We evaluated the terms of the modified note in accordance with ASC Topic No. 470 – 50, Modifications and Extinguishments. We determined this change in terms did constitute a modification. Therefore, we recognized a $4,772 gain on debt modification on May 26, 2016.


Convertible Promissory Notes Issued for Cash


The March 14, 2016 Note


On March 14, 2016, we issued a convertible promissory note to a third party for cash. The note (the “front-end note”) was in the amount of $65,000, and it matures on March 14, 2017. The note bears interest at 8% per year and is convertible into shares of our common stock at a 45% discount to our lowest trading price over the preceding 20 days with a floor on the conversion price of $0.00005.
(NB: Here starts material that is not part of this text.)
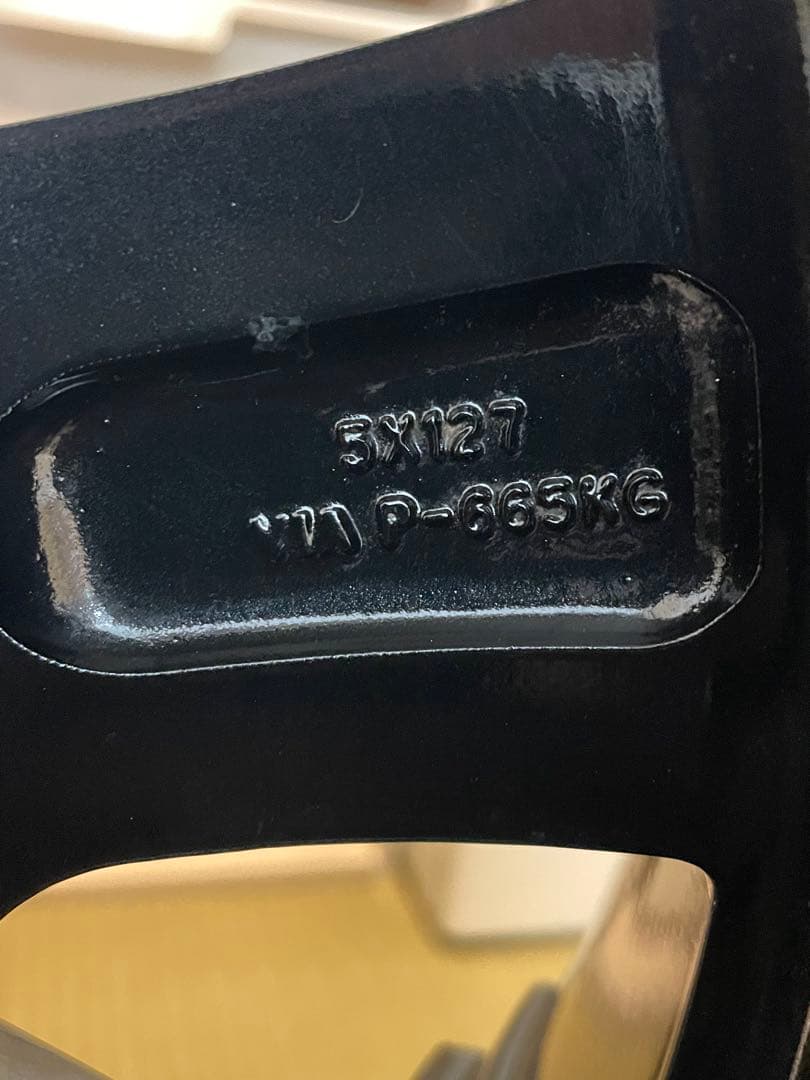 送料込みクリムソン マーテルギア ビースト BFGoodrich 4本セット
On the same date we issued a second note (the “back-end note”) in the amount of $65,000 in exchange for a note receivable in the same amount. The back-end note matures on March 14, 2017. The note bears interest at 8% per year and is convertible into shares of our common stock at a 45% discount to our lowest trading price over the preceding 20 days with a floor on the conversion price of $0.00005. As of July 31, 2016, we had not yet received the proceeds from this note. The note is secured by the note receivable for $65,000 from the same party. See Note 5. Since we have not received any proceeds from this note, we have not recorded the back-end note and the note receivable on our balance sheet as of July 31, 2016.


The May 26, 2016 Note


On May 26, 2016, we issued a convertible promissory note to a third party for cash. The note (the “front-end note”) was in the amount of $75,000, and it matures on May 26, 2017. The note bears interest at 8% per year and is convertible into shares of our common stock at a 45% discount to our lowest trading price over the preceding 20 days with a floor on the conversion price of $0.00005.


On the same date we issued a second note (the “back-end note”) in the amount of $75,000 in exchange for a note receivable in the same amount. The back-end note matures on May 26, 2017. The note bears interest at 8% per year and is convertible into shares of our common stock at a 45% discount to our lowest trading price over the preceding 20 days with a floor on the conversion price of $0.00005. As of July 31, 2016, we had not yet received the proceeds from this note. The note is secured by the note receivable for $75,000 from the same party. See Note 6. Since we have not received any proceeds from this note, we have not recorded the back-end note and the note receivable on our balance sheet as of July 31, 2016


Conversions to Common Stock


During six months ended July 31, 2015, the holders of our convertible promissory notes converted $319,496 of principal and accrued interest into 151,307 shares of our common stock. No gain or loss was recognized on the conversions as they occurred within the terms of the agreement which provided for conversion.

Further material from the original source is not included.